Many prospective Starlite Soap customers tell us that they have never made soap because they’re afraid of using sodium hydroxide. In this blog post, we'll explore what sodium hydroxide is, its role in soap making, and how to handle it safely.
Sodium hydroxide, also known as lye or caustic soda, is a key ingredient in the soap making process. It's an essential component that's necessary for the saponification process, which is what turns oils and fats into soap. What is Sodium Hydroxide?
Sodium hydroxide is an alkaline compound that's commonly used in household cleaning products as well as in the food industry. In soap making, sodium hydroxide is used to convert oils and fats into soap through a chemical reaction known as saponification.
When sodium hydroxide is added to a mixture of oils and fats, a chemical reaction occurs, which causes the fatty acids in the oils and fats to break apart from the glycerin molecule. The fatty acids then react with the sodium hydroxide to form soap and glycerin. This process is known as saponification. Without sodium hydroxide, oils and fats would not turn into soap.

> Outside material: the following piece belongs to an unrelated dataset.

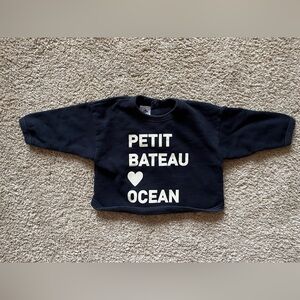 Petit Bateau Kids Navy Sweatshirt with White Print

Sodium hydroxide is a caustic substance that can be dangerous if not handled properly. It can cause burns to the skin and eyes, and inhalation of its fumes can cause respiratory problems. It's important to handle sodium hydroxide with care and follow proper safety guidelines. In Starlite’s workshops, you will use gloves and safety glasses to ensure your safety as well as the safety of those around you. The good news is that once made, the sodium hydroxide completely transforms and your final soap product will be a gentle, luxurious product, safe for you and your family to use.